Despite the fact that energy prices rose to previously unheard-of heights, 2022 was a dismal year for France’s state-owned power provider EDF, which suffered record yearly losses of €17.9 billion (£16 billion).
Energy price caps for French consumers had a significant negative impact on EDF’s profits, as did the forced shutdown of many of its nuclear power plants for maintenance.
The losses are the worst in more than 20 years and rank third in the history of French corporations.
Debts owed by EDF have risen to €64.5 billion.
On an underlying basis, EDF suffered losses of €4.99 billion. The amount stood in stark contrast to EDF’s UK-based business, which generated an under-the-radar profit of £1.12 billion (€1.26 billion) while providing gas and electricity to five million households.

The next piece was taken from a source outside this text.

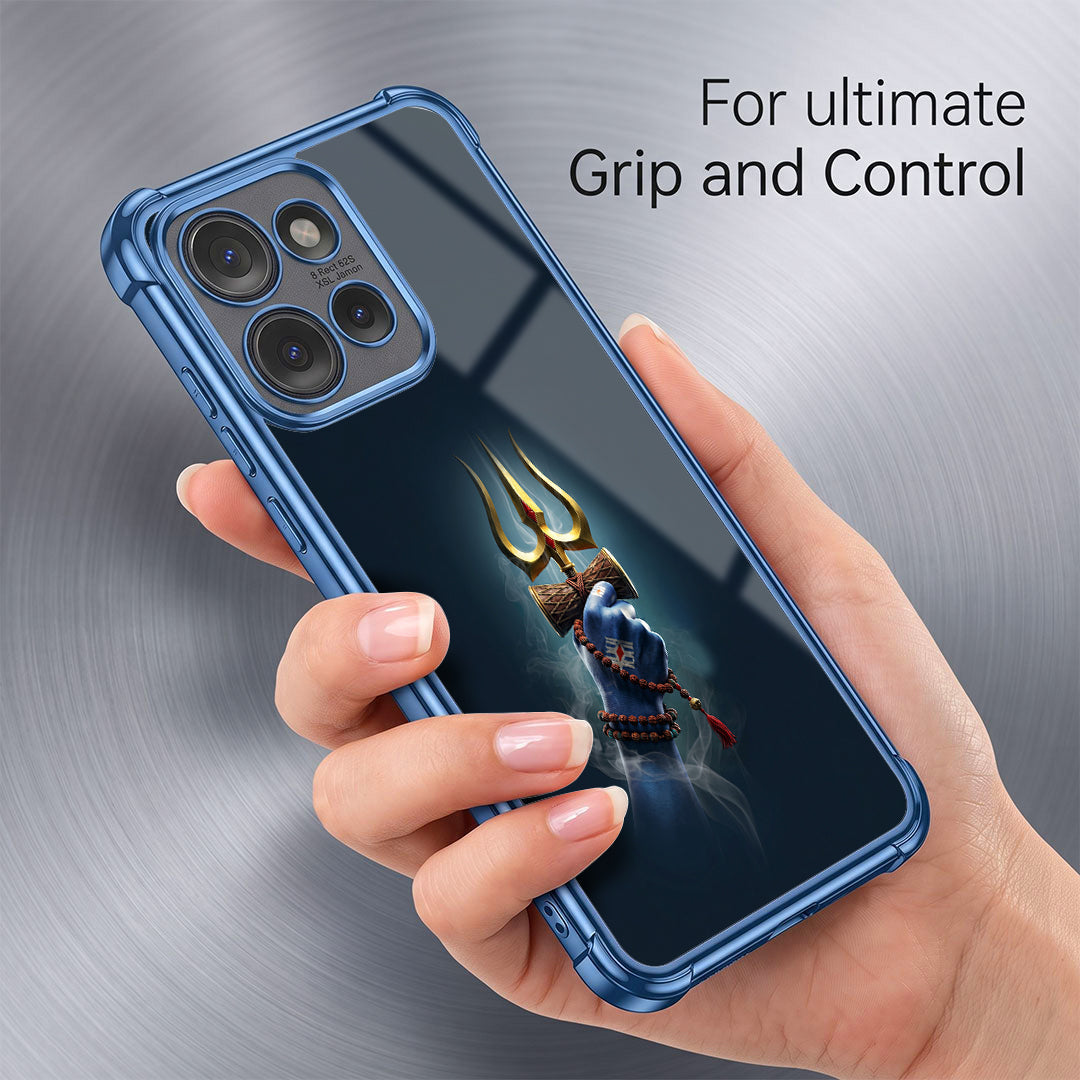 Motorola Edge 50 Neo 5G Premium Golden Trishul Blue Airbags Printed Back Case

In response to Russia’s invasion of Ukraine, President Emmanuel Macron’s administration in France implemented a tariff “shield” for consumers that restricts energy companies to a 4% increase in 2022 and a 15% increase in 2023, keeping inflation lower than in other European nations.
Nonetheless, it meant that EDF had to sell electricity at a loss to French consumers while UK consumers paid far more for their energy. In France, EDF controls over 80% of the electricity market.
Since 2002, when Vivendi Universal and France Telecom both reported losses above €20 billion for the prior year, the French industry has not experienced such dismal outcomes.
Never before had EDF disclosed such significant losses.